Ostrzeżenie! Poniżej spoilery z odcinka „Befana" (Sezon 2)

- Hej, dzieciaku! – Plagg po raz dziesiąty przeleciał Adrienowi przed oczami, próbując go obudzić z letargu. Bez skutku.

Chłopak siedział od godziny wpatrzony w swoją bransoletkę szczęścia, którą otrzymał jakiś czas temu od Marinette. I myślał.

- Marinette ma jutro urodziny... - mruknął nieobecnym tonem.

- No i? – spytał Plagg, uśmiechając się z przekąsem.

- Myślę nad prezentem dla niej.

- Zdecydowałbyś się!

- Słucham?

- No, zamawiasz prezenty dla Biedronki, dla Marinette... Weź się na którąś zdecyduj!

- Ech, chyba się już nie doczekam na ten szal dla Biedronki.

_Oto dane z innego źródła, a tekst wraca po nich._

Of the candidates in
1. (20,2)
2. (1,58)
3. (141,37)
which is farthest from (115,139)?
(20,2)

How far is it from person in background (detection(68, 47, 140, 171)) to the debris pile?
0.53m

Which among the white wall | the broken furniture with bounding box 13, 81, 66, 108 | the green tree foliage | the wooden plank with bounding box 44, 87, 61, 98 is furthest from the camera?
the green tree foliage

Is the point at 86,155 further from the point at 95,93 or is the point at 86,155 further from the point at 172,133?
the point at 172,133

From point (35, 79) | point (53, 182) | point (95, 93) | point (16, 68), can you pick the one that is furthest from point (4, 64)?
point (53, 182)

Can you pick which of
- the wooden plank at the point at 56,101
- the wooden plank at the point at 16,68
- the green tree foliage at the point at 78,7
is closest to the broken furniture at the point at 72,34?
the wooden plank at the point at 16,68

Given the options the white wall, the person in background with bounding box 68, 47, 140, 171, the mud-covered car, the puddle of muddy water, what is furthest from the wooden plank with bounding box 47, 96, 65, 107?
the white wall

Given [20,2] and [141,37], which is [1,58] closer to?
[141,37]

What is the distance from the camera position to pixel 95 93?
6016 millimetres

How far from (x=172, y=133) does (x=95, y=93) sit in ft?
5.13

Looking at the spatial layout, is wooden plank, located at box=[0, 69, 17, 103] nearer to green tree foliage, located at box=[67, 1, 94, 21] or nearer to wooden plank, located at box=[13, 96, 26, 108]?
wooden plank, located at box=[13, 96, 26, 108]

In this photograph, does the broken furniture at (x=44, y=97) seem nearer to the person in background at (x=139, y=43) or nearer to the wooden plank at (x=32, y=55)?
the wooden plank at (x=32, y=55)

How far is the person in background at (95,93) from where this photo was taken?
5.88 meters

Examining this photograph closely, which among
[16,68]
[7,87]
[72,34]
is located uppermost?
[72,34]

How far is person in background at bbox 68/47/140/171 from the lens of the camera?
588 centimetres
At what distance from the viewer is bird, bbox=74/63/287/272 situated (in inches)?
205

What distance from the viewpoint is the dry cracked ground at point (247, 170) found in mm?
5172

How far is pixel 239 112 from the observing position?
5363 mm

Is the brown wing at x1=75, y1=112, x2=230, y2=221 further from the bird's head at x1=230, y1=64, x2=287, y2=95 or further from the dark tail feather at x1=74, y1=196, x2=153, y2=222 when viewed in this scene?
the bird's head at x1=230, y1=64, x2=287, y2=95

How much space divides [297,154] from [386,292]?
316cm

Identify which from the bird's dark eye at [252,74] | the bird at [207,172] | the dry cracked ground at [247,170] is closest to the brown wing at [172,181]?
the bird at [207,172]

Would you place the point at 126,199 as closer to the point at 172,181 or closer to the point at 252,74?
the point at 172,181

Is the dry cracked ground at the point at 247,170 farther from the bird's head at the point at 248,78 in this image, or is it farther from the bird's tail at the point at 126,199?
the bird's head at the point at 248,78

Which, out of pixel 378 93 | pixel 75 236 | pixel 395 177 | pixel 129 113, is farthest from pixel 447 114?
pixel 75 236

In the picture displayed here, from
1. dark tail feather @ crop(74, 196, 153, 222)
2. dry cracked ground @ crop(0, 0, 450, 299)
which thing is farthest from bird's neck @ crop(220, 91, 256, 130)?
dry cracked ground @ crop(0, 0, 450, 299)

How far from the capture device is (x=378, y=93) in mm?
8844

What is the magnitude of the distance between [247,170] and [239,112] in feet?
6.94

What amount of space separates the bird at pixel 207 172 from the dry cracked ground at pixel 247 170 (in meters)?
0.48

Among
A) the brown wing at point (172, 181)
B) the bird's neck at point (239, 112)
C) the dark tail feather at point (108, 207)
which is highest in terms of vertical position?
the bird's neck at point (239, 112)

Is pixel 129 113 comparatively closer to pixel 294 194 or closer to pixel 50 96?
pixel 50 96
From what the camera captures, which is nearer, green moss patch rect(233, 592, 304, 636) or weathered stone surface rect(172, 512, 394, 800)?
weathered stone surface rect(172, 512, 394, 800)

Zresztą... - urwał nagle, a Plagg zastrzygł uszami i podleciał bliżej do chłopaka.

- Zresztą co? – podchwycił.

- Sam nie wiem, czy chcę dawać ten szal Biedronce... - westchnął Adrien, a Plagg na wszelki wypadek napchał camemberta do pyszczka, żeby przypadkiem nie wyrwało mu się oczywiste „Nareszcie!"

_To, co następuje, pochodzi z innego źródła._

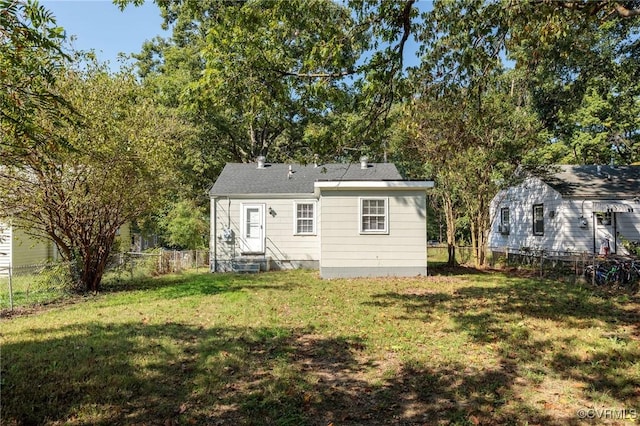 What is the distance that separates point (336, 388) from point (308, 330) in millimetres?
2247

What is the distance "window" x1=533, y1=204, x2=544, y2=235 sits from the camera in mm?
17578

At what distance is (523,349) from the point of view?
17.4ft

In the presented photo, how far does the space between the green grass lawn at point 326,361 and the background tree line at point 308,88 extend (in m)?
2.58

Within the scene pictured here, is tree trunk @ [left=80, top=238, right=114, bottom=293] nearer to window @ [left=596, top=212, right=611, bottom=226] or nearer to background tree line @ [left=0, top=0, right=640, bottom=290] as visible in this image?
background tree line @ [left=0, top=0, right=640, bottom=290]

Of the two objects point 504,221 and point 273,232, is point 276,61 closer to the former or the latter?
point 273,232

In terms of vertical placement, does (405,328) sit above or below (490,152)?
below

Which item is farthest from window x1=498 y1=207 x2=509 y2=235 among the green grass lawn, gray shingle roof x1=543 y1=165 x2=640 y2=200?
the green grass lawn

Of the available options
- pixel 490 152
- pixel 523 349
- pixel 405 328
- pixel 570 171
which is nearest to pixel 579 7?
pixel 523 349

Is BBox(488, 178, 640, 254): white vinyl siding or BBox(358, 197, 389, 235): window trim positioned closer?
BBox(358, 197, 389, 235): window trim

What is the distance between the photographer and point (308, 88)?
6250 millimetres

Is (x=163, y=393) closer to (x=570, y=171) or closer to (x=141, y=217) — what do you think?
(x=141, y=217)

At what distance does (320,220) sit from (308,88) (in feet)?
21.7

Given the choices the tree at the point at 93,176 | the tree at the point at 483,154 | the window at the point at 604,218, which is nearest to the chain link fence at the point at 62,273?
the tree at the point at 93,176

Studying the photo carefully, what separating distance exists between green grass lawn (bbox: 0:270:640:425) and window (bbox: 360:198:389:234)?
3.96 metres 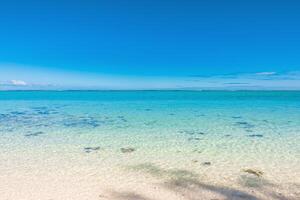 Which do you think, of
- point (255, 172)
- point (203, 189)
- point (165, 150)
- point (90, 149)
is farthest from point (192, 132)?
point (203, 189)

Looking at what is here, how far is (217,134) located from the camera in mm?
14211

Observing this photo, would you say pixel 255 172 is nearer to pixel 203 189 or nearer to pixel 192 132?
pixel 203 189

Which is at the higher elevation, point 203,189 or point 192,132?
point 192,132

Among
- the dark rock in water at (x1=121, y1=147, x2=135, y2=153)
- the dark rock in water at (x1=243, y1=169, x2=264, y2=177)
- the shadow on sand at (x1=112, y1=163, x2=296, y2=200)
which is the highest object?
the dark rock in water at (x1=243, y1=169, x2=264, y2=177)

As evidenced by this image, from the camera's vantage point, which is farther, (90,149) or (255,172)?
(90,149)

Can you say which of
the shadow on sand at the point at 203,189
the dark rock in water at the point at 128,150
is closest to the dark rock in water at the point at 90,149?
the dark rock in water at the point at 128,150

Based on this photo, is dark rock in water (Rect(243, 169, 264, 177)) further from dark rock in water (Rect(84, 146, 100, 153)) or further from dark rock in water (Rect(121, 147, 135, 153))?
dark rock in water (Rect(84, 146, 100, 153))

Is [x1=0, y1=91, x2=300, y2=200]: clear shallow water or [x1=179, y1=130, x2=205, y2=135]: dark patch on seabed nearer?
[x1=0, y1=91, x2=300, y2=200]: clear shallow water

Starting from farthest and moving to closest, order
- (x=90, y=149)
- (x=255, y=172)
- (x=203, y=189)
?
1. (x=90, y=149)
2. (x=255, y=172)
3. (x=203, y=189)

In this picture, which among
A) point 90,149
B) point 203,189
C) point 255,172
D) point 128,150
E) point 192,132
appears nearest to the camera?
point 203,189

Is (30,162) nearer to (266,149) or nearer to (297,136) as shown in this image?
(266,149)

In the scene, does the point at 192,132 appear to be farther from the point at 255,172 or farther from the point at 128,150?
the point at 255,172

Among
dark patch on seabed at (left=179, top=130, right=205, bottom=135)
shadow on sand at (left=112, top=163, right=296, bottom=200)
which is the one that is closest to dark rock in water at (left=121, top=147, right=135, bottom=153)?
shadow on sand at (left=112, top=163, right=296, bottom=200)

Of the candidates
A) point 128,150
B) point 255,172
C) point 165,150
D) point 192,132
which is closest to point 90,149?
point 128,150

- To co dasz Marinette na urodziny? – wymamrotało kwami po chwili.

- Chciałbym jej dać coś od siebie. Ale czy bransoletka szczęścia nie jest zbyt... ee... mało wyszukana?

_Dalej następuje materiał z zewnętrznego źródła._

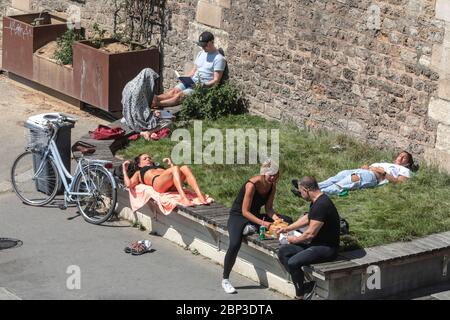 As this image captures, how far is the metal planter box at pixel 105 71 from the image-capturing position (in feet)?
55.4

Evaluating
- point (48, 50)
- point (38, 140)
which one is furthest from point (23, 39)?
point (38, 140)

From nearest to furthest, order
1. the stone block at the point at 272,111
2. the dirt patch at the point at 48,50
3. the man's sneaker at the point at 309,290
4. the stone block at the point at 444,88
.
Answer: the man's sneaker at the point at 309,290, the stone block at the point at 444,88, the stone block at the point at 272,111, the dirt patch at the point at 48,50

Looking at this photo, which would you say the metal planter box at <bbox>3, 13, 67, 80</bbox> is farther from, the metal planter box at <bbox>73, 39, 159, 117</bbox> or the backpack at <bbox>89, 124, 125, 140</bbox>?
the backpack at <bbox>89, 124, 125, 140</bbox>

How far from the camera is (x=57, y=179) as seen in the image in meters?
13.8

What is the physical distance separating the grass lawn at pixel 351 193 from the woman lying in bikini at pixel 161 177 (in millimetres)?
440

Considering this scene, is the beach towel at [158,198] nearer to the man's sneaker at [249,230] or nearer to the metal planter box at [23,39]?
the man's sneaker at [249,230]

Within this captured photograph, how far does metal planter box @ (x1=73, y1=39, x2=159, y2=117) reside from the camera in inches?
664

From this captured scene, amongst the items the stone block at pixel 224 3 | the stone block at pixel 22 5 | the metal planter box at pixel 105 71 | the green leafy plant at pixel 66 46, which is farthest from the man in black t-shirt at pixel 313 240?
the stone block at pixel 22 5

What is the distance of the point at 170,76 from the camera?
17.5 m

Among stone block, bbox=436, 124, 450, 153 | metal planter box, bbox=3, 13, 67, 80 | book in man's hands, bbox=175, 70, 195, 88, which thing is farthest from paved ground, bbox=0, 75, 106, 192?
stone block, bbox=436, 124, 450, 153

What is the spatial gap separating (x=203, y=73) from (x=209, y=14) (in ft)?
2.99

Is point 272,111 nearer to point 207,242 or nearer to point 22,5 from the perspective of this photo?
point 207,242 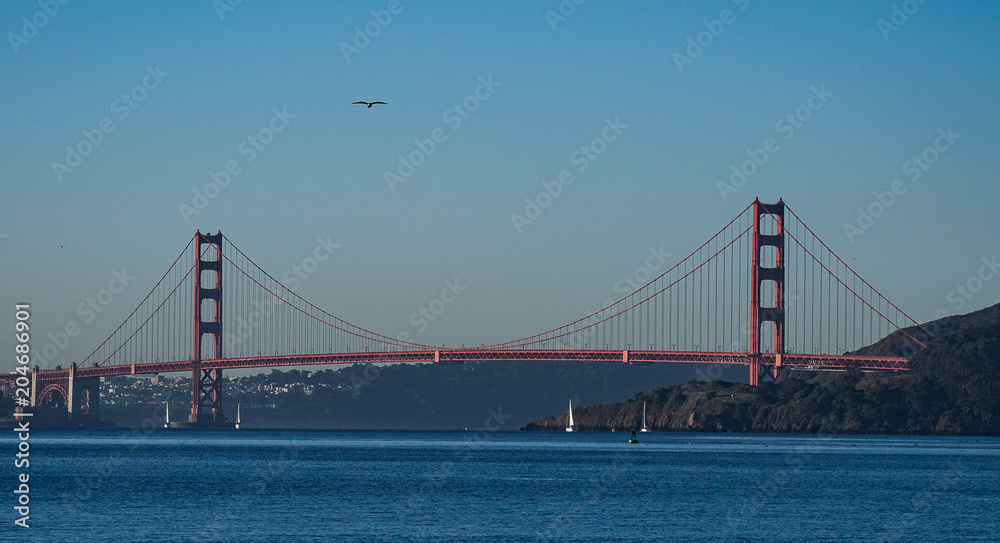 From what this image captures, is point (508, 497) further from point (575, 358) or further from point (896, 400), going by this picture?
point (896, 400)

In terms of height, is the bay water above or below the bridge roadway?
below

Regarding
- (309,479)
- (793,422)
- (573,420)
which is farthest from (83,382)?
(309,479)

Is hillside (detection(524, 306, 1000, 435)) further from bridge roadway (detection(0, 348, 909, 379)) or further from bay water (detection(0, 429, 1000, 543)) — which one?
bay water (detection(0, 429, 1000, 543))

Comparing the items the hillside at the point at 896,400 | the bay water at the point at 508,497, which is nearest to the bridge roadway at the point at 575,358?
the hillside at the point at 896,400

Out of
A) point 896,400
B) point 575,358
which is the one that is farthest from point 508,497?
point 896,400

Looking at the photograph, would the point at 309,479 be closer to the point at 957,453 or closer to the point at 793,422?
the point at 957,453

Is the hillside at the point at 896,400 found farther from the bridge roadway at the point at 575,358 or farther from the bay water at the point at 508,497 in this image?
the bay water at the point at 508,497

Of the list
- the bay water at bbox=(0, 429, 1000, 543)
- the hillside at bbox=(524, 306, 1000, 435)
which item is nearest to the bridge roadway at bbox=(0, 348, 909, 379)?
the hillside at bbox=(524, 306, 1000, 435)

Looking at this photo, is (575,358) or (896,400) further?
(896,400) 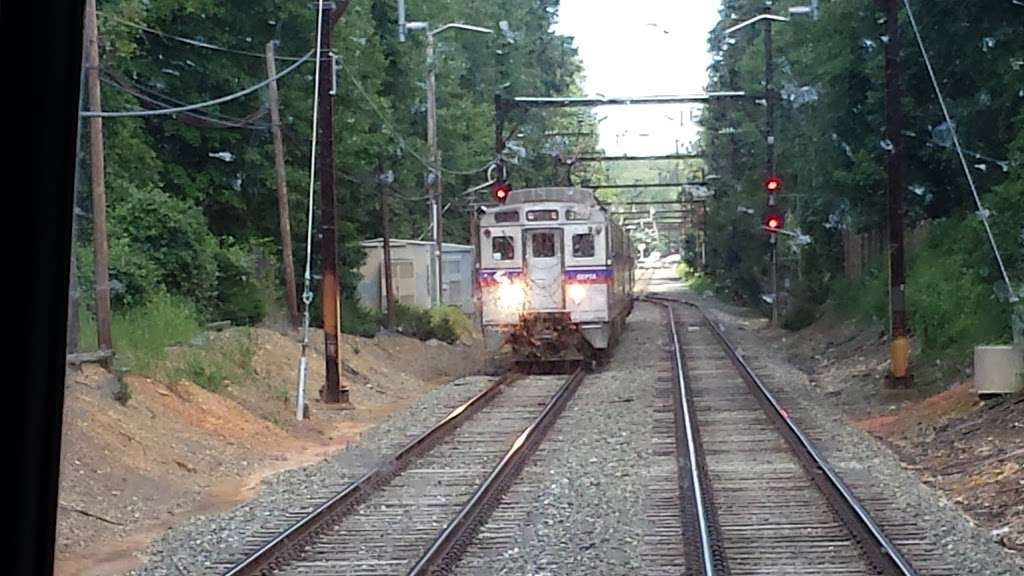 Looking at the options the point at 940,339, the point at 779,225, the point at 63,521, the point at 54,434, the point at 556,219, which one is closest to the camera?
the point at 54,434

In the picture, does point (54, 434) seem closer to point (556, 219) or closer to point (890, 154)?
point (890, 154)

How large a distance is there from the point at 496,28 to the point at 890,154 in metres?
28.2

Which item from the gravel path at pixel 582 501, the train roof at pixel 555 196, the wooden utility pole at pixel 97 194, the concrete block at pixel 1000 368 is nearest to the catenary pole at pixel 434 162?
the train roof at pixel 555 196

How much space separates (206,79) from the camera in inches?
1040

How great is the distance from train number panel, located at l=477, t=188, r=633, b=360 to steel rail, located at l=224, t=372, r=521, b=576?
550 cm

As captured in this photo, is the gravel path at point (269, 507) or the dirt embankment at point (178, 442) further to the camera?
the dirt embankment at point (178, 442)

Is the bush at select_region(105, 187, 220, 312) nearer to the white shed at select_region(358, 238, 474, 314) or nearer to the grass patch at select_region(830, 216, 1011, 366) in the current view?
the grass patch at select_region(830, 216, 1011, 366)

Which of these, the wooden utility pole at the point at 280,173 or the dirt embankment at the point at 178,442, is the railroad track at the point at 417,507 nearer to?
the dirt embankment at the point at 178,442

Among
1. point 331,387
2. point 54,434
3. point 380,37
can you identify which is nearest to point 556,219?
point 331,387

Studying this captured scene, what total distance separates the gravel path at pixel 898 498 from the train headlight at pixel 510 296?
16.9 feet

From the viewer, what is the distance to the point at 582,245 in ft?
81.8

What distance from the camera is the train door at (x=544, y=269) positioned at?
81.8 ft

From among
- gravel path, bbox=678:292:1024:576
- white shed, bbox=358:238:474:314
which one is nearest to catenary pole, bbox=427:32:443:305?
white shed, bbox=358:238:474:314

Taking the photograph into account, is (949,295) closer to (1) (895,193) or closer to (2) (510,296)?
(1) (895,193) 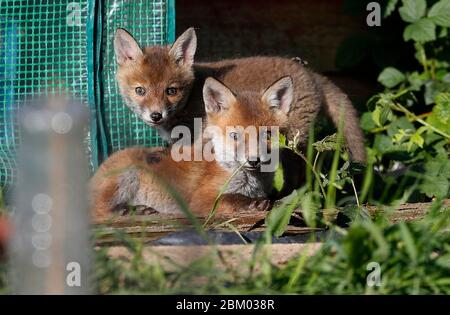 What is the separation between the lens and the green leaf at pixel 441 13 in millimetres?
7035

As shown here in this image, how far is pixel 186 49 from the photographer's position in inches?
256

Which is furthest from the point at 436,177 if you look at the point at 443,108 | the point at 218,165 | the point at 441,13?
the point at 441,13

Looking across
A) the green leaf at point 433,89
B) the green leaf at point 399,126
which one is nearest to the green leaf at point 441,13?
the green leaf at point 433,89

- Ja tam się nie znam... - Plagg wzruszył ramionami. – Ty znasz lepiej tę dziewczynę.

- Nie wiem, czy będę potrafił zrobić tak ładną bransoletkę, jak ona.

- Na pewno doceni gest, że zrobiłeś ją samodzielnie – pocieszyło go kwami.

- Jeszcze muszę wymyśleć jeszcze drugi prezent dla niej. No wiesz, który będę mógł jej dać jako Czarny Kot.

- A tej bransoletki nie możesz jej dać jako Czarny Kot?

- No przecież się wtedy wyda, kim jestem! – przypomniał Adrien. – Już i tak prawie się wygadałem, kiedy spytałem ją o te zdjęcia.

- Znaczy?

- No, ostatnio. Kiedy przyszedłem i zauważyłem, że posprzątała moje zdjęcia.

- Znaczy „zajęcia"? – wtrącił Plagg, ale Adrien go zignorował.

- Wyrwało mi się wtedy pytanie, czy już się nie interesuje modą. A przecież mówiła to mnie jako Adrienowi! Na szczęście się nie połapała.

- Trafił swój na swego... - mruknął Plagg i przewrócił oczyma.

- No nic. – Adrien nawet nie zwrócił uwagi na słowa kwami. – Coś wymyślę. Najpierw muszę zrobić tę bransoletkę przed jutrzejszym przyjęciem niespodzianką.

- Nie przeszkadzaj sobie, dzieciaku. Ja poczekam...

- Na co?

- Eee... - zmieszał się Plagg. – Aż skończysz...

- Ty wciąż coś przede mną ukrywasz – odkrył Adrien.

- Skup się na prezencie! – przypomniało kwami i uciekło w serowy azyl. Jakie to szczęście, że ten chłopak nie znosił camemberta!

- Odkryję kiedyś twój sekret, Plagg... - szepnął Adrien i odwrócił się w stronę biurka.

Bransoletka. Dla Marinette. To był teraz priorytet.